El otro elemento importante para comprender la excepcionalidad de Dostoyevski y también su grandeza como artista era justo el rechazo a la posibilidad de reducirlo todo a una idea que sustituya la realidad. La idea puede ser mala, como era para Dostoyevski el relativismo que reconduce el drama del mal al puro “condicionamiento ambiental” o la reducción de la conciencia a un puro biologismo, o la reducción de la pregunta sobre el sentido de la vida a mera ética. En este caso, es evidente que Dostoyevski no puede aceptar estas posturas que para él son equivocadas, pero el fondo de la cuestión no reside aquí, sino en la idea en sí. La idea puede ser incluso buena y justa, pero pierde estos rasgos si no sirve para hacer entrar en escena, poner en acción en la historia, en tiempos y lugares distintos, lo que la hace buena y justa. Para Dostoyevski, el mal del socialismo ateo no consistía ante todo en negar a Dios, sino en que lo había transformado en una idea, defendiendo incluso las ideas de Cristo (humanitarismo) pero ya sin Cristo, negándole de manera programática o pretendiendo poder prescindir de él.

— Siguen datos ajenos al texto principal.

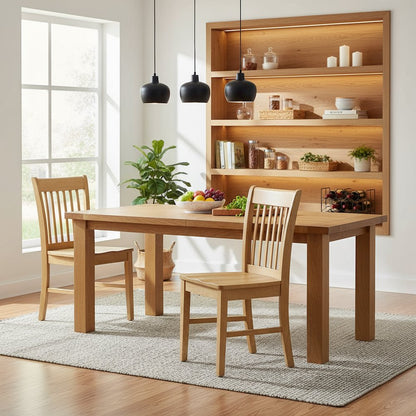 Wood Seat Dining Chair Set of 2, Vertical Slatted Back, Oak Finish, Sturdy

Para Dostoyevski, el problema no era principalmente defender la religión, sino defender la realidad. Esa era la salvación que debía venir de la belleza. La belleza no era entonces una vaga fantasía romántica, sino la percepción de una realidad sorprendente porque no está hecha por la previsible mano del hombre, pero no menos humana porque ni siquiera se podía ver sin la disponibilidad del hombre para mirarla, eso era lo que permitía reconocerla, más que los fantasmas creados por su propia imaginación.